After the pole shift, vegetables can be grown in greenhouses and/or hydroponically. However, we should not wait until after the pole shift to learn about what it takes to make a wide variety of food plants grow. In the next few years, I encourage people to at least grow a small garden so that you can get the basic hands-on experience in this area. After the pole shift you will not be able to walk down to the grocery store for food: You may have to find ways to provide food for your family over an extended gardening period (during times when most gardens are dead from the cold). This technique extends the garden's life and harvest on both ends of the usual gardening season.
This technique is effective in temperate climate, for:
Here in a temperate United States climate where I live, the first killer frost arrives in mid-November. A thick frost will blanket the garden for most days in December through February. However, I garden year- round and provide about 80% of the vegetables for my family of four. My garden consists of twelve beds, 4 feet wide by 30 feet long. I bury drip irrigation lines a few inches below the surface of each bed in the Spring, and the entire area is watered according to my programming via a small, inexpensive, battery operated water-timer.

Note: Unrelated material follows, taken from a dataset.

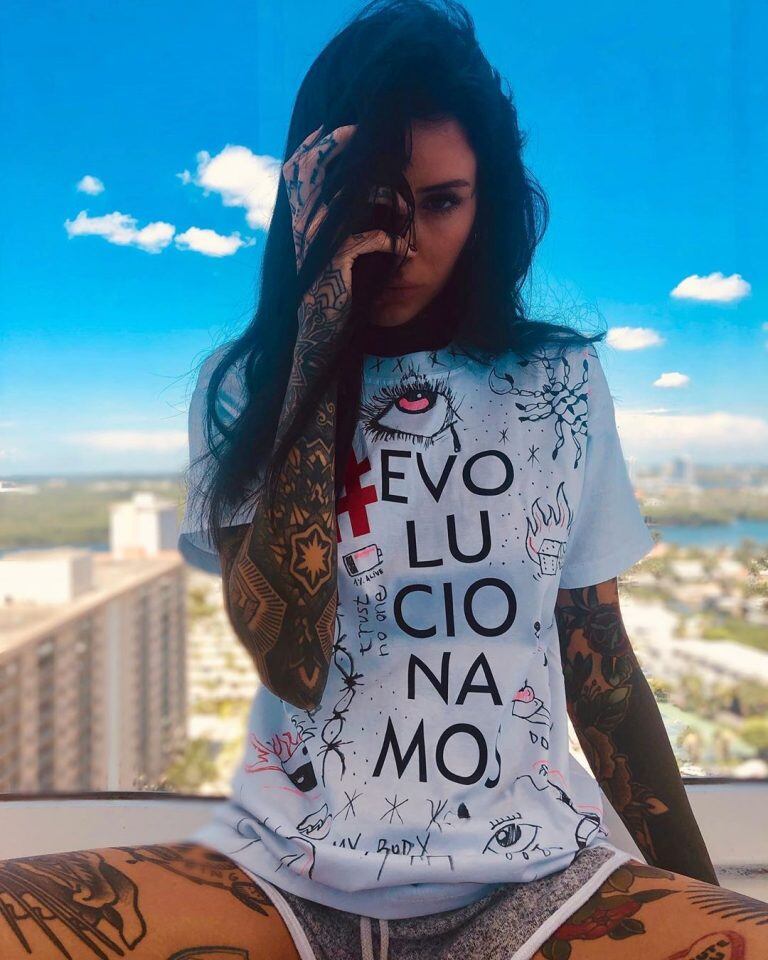 Candelaria Tinelli hizo un duro descargo sobre las críticas que recibe por sus tatuajes (Foto: Instagram/ candelariatinelli)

During the winter I have 4 or 5 beds in production. The way I keep the vegetables growing is by covering each bed with a long igloo like structure, covered with plastic. The ribs supporting the plastic are simply
the 3/4" white PVC pipe, 10 feet long or so, available at any hardware store. It is quite flexible -- stick the ends of the pipe a foot into the ground on both sides of the bed. This makes a half circle. Continue this all the way down the entire length of the bed, putting the ribs 4 feet apart. On top of this you can stretch plastic. Tie the plastic to the pipes by using twine or green plastic plant tape. The final product you've made is a small greenhouse that perfectly covers the growing area for your plants. This keeps the killing frosts off your vegetables and provides many more degrees of warmth -- this is necessary as the goal is to keep the plants' metabolism operating smoothly and continuously, throughout the plants life cycle.
Of course, experienced gardeners know of this technique, so I am not talking to them. But, this is especially for all those who are new to gardening or haven't tried winter gardening: the igloo tunnel is excellent for extending food production through mild winters. And in harsh winter areas, try the igloo method to get a jump on Spring. If done correctly you will be harvesting food a month or two earlier than previous years.